Decided to fish 3 mile today. Was hoping for some reds but the Spanish were THICK. I couldn't keep them off my lines. Caught my fill and was out of the water by 12:30. Free lined shrimp caught most of them. Water was super dirty.


----------



## TheCarver (May 5, 2011)

Looks like a hand full O fun, might oughta ease out there myself,, shrimp you say... Thanks ole carver


----------



## rfh21 (May 17, 2012)

I saw stuff crashing bait all around 3 mile being very jealous of anyone off today. I assume Spanish were the culprit.


----------



## fishn4fun (May 11, 2008)

Sounds like fun thanks for the report


----------



## jeff912 (Nov 1, 2011)

What side of the 3mb?


----------



## Night Wing (May 16, 2011)

Smacks are one of my favorite fish to target off the beach in my yak.

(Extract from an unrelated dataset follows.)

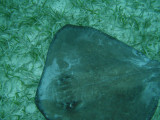 One of the places that we snorkeled was Shark-Sting Ray Alley.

Good catch.


----------



## 1pescadoloco (Dec 2, 2011)

Blues & Lady fish were all over the rocks between the bridge & the POP.


----------



## jeff912 (Nov 1, 2011)

sorry to be dumb but whats the POP?


----------



## flukedaddy (Apr 11, 2009)

I would guess Port of Pensacola.... but maybe he left out an O out . 
Poop would be bayou Texar.


----------



## jeff912 (Nov 1, 2011)

Ahh the poop i fish that alot thanks for the info:notworthy:


----------



## 1pescadoloco (Dec 2, 2011)

jeff912 said:


> sorry to be dumb but whats the POP?


Port of Pcola:whistling: I was being lazy
POOP would be Bayou Texar


----------